Search code examples
pythonmachine-learningkerasgenerator

Joining two DirectoryIterators in Keras


Suppose I have something like the following:

image_data_generator = ImageDataGenerator(rescale=1./255)

train_generator = image_data_generator.flow_from_directory(
  'my_directory',
  target_size=(28, 28),
  batch_size=32,
  class_mode='categorical'
)

Then my train_generator is filled with data from my_directory, which contains two subfolders which separate the data into classes 0 and 1.

Suppose also I have another directory that_directory, also with data split into classes 0 and 1. I want to augment my train_generator with this additional data.

Running train_generator = image_data_generator.flow_from_directory('that_directory', ...) removes the prior data from my_directory.

Is there a way to augment or append both sets of data into one generator or an object that operates like a DirectoryIterator without changing the folder structure itself?


Solution

  • Just combine the generators in another generator, optionally with different augmentation configs:

    idg1 = ImageDataGenerator(**idg1_configs)
    idg2 = ImageDataGenerator(**idg2_configs)
    
    g1 = idg1.flow_from_directory('idg1_dir',...)
    g2 = idg2.flow_from_directory('idg2_dir',...)
    
    def combine_gen(*gens):
        while True:
            for g in gens:
                yield next(g)
    
    # ...
    model.fit_generator(combine_gen(g1, g2), steps_per_epoch=len(g1)+len(g2), ...)
    

    This would alternately generate batches from g1 and g2.

    Note that one might suggest using itertools.chain, however you can't use that here since ImageDataGenerators generators are never-ending and ceaselessly generate batches of data. This is expected for the generator you pass to fit_generator method. From Keras doc:

    ...The generator is expected to loop over its data indefinitely. An epoch finishes when steps_per_epoch batches have been seen by the model.

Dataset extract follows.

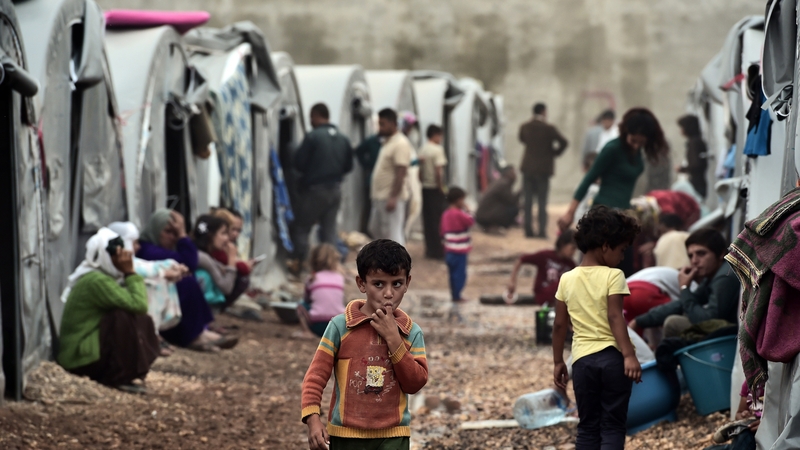 A boy walks past tents at a Syrian Kurdish refugee camp in the Turkish town of Suruc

    The steps_per_epoch if not set would default to len(generator) where generator is the generator you pass to fit_generator method. The ImageDataGenerator generators can give their length, so you don't need to manually set the steps_per_epoch argument. If you would like the same thing with combined generators above, you can use this solution instead:

    class CombinedGen():
        def __init__(self, *gens):
            self.gens = gens
    
        def generate(self):
            while True:
                for g in self.gens:
                    yield next(g)
    
        def __len__(self):
            return sum([len(g) for g in self.gens])
    
    # usage:
    cg = CombinedGen(g1, g2)
    model.fit_generator(cg.generate(), ...) # no need to set `steps_per_epoch`
    

    You can also add __next__ and/or __iter__ methods to CombinedGen class if you are interested to directly iterate over the objects of this class (instead of iterating over cg.generate()).